The major U.S. stock indexes rebounded last week, erasing a little more than 50% of the decline from the previous two weeks. All sectors participated in the rally. Volatility remains elevated which may have helped drive prices higher more quickly than expected.
In the cash market, the benchmark S&P 500 Index settled at 2732.22, up 4.3%. For the year, the index is up 2.2%. The blue chip Dow Jones Industrial Average closed at 25219.38, up 4.3%. It’s up 2.0% for the year. The tech-based NASDAQ Composite ended the week at 7242.15, up 5.3%. It’s up 4.9% in 2018.
After responding to volatile trading conditions during the week-ending February 9, and getting emotional at times about the speed of the market’s decline, investors seemed to reconnect with the underlying fundamentals last week.

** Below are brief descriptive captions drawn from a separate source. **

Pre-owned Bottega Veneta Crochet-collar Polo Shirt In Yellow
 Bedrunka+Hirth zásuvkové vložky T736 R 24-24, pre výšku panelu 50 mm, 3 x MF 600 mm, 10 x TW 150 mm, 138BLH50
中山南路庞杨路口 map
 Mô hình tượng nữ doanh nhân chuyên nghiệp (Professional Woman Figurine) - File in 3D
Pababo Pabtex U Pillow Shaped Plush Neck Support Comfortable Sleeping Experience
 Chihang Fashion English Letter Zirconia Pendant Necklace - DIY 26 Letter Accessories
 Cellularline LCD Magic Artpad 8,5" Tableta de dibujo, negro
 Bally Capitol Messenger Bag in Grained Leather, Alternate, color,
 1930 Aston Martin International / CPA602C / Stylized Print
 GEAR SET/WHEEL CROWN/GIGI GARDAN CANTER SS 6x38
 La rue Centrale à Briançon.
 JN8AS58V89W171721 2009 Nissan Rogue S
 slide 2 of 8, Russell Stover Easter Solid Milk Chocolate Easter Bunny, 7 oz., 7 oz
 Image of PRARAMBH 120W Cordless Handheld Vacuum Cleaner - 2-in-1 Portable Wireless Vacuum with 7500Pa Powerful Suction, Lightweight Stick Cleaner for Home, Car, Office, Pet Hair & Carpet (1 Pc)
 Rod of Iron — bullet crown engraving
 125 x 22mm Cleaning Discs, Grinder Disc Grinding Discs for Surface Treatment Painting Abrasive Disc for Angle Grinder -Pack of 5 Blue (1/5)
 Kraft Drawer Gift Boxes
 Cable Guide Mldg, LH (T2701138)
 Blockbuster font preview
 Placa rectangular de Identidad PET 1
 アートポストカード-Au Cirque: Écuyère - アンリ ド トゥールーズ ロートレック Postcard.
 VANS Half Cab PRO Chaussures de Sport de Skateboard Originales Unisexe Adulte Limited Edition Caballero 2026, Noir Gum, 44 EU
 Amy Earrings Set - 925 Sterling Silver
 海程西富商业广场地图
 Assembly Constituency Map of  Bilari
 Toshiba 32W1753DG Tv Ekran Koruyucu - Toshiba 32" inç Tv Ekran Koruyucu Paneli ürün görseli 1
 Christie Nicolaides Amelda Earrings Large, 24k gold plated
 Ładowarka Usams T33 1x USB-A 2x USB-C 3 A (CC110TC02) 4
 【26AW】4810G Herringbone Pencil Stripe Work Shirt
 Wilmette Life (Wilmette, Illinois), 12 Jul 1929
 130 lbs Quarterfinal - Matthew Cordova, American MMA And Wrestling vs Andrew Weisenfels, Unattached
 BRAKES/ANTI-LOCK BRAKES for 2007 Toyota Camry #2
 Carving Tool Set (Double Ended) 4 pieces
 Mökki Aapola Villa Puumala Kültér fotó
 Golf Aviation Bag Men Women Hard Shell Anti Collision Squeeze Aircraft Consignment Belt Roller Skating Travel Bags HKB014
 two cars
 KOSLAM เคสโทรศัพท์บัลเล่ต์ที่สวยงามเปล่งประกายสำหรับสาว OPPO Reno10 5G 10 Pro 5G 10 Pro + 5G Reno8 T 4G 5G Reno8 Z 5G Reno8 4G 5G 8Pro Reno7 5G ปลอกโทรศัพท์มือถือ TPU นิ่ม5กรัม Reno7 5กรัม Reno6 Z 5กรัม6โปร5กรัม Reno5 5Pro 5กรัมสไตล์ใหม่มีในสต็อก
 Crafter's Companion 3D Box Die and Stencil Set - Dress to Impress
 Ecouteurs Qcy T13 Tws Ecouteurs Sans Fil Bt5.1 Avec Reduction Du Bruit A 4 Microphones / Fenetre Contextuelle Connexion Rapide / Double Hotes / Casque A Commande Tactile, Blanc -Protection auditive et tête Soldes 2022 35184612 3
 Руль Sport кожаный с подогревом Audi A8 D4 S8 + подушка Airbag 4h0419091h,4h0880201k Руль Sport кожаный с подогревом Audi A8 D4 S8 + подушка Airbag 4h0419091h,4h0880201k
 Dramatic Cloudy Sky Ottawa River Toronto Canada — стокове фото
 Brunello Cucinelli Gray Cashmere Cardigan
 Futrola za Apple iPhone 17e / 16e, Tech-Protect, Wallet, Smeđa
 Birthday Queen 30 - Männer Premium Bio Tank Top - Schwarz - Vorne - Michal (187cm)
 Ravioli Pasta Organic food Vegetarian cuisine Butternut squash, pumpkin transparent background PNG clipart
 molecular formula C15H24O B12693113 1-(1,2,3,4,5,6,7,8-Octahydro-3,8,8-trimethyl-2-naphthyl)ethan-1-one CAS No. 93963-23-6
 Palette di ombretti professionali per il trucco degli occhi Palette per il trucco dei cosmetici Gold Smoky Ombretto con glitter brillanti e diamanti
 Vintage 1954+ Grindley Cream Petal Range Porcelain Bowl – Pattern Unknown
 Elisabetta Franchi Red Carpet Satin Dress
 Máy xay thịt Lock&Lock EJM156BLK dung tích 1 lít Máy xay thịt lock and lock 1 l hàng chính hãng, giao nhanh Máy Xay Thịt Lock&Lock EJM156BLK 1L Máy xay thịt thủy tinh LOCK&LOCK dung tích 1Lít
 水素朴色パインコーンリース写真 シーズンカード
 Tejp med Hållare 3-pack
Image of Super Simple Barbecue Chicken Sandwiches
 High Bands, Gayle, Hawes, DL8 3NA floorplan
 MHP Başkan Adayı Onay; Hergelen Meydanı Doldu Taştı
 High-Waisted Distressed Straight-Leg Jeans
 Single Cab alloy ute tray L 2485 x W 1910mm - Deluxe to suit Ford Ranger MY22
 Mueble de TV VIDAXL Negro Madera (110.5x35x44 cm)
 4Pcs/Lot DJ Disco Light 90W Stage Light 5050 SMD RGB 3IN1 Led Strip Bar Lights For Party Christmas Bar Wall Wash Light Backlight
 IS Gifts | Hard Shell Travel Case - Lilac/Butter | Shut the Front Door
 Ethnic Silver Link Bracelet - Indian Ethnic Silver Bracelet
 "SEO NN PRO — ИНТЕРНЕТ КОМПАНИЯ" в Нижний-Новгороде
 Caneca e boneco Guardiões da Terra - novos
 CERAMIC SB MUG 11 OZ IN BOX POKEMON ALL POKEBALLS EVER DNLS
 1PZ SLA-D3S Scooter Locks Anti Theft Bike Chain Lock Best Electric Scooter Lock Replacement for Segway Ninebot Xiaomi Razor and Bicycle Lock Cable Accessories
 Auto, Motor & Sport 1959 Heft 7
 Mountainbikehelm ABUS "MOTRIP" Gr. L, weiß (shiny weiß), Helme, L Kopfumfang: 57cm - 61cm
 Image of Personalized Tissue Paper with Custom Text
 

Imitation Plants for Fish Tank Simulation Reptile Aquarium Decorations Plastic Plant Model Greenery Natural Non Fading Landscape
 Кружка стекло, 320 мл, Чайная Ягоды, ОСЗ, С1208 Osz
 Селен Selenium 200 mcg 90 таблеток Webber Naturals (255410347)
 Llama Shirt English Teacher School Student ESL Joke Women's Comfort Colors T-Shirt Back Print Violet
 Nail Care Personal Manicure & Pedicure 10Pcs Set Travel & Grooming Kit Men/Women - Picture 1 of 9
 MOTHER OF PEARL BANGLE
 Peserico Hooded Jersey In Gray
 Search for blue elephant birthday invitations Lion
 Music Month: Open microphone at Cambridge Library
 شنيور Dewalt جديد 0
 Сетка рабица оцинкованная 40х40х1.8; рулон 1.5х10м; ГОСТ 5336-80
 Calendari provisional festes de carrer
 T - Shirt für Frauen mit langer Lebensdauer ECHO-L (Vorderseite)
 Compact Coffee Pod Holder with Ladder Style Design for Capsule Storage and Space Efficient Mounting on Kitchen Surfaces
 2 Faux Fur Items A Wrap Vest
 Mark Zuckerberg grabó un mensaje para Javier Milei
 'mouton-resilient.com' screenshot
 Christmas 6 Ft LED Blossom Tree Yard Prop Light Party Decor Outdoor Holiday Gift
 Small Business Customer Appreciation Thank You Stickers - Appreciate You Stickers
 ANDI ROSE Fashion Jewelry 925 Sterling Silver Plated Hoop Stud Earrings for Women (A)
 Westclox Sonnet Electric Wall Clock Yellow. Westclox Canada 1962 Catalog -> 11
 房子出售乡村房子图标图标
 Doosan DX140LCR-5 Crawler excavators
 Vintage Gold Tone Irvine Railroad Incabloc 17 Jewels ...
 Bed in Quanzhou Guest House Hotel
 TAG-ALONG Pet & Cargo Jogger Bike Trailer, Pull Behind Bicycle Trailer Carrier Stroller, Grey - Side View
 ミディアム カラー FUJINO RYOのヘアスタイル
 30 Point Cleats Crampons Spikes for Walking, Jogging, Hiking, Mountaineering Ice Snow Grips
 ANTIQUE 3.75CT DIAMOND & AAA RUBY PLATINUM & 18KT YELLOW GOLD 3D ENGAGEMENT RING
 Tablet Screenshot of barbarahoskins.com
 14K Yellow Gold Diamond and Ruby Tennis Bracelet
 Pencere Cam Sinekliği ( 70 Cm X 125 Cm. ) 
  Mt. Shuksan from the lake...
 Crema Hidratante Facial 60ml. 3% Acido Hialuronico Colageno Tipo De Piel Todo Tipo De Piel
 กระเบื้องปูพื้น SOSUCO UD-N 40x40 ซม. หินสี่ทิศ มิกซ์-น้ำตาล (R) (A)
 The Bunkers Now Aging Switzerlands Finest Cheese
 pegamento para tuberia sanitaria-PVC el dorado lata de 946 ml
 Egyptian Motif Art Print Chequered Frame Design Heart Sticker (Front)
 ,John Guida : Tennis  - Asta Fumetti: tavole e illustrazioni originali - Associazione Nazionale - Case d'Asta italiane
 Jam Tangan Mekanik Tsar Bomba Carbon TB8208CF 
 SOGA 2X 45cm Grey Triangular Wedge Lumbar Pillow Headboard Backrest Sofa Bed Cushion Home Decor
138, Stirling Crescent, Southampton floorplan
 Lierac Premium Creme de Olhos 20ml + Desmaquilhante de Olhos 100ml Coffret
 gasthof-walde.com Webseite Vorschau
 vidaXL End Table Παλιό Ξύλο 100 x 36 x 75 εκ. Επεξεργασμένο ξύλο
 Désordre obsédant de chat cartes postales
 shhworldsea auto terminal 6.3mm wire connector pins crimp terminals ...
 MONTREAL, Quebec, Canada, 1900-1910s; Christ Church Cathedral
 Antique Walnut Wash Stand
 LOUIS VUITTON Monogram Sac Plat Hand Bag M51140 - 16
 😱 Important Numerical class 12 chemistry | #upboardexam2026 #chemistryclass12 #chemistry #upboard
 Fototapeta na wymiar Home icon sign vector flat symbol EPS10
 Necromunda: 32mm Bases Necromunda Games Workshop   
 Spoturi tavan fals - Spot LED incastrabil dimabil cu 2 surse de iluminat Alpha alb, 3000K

Economic data continued to signal strength in the U.S. and global economy. Investors also reacted to improving corporate earnings which should continue to be the key guide for stocks over time.
With 80% of S&P 500 companies having reported fourth-quarter results, earnings in the most recent period have risen 15.2% versus a year earlier. Most importantly, revenue growth has averaged 7.9%, its fastest pace since the fourth quarter of 2011, suggesting economic strength is helping profits.
In other news, U.S. consumer prices rose considerably more than expected in January, fueling fears that inflation is about to turn dangerously higher.
The Consumer Price Index rose 0.5 percent last month against projections of a 0.3 percent increase, the Labor Department reported last Wednesday. Excluding volatile food and energy prices, the index was up 0.3 percent against estimates of 0.2 percent.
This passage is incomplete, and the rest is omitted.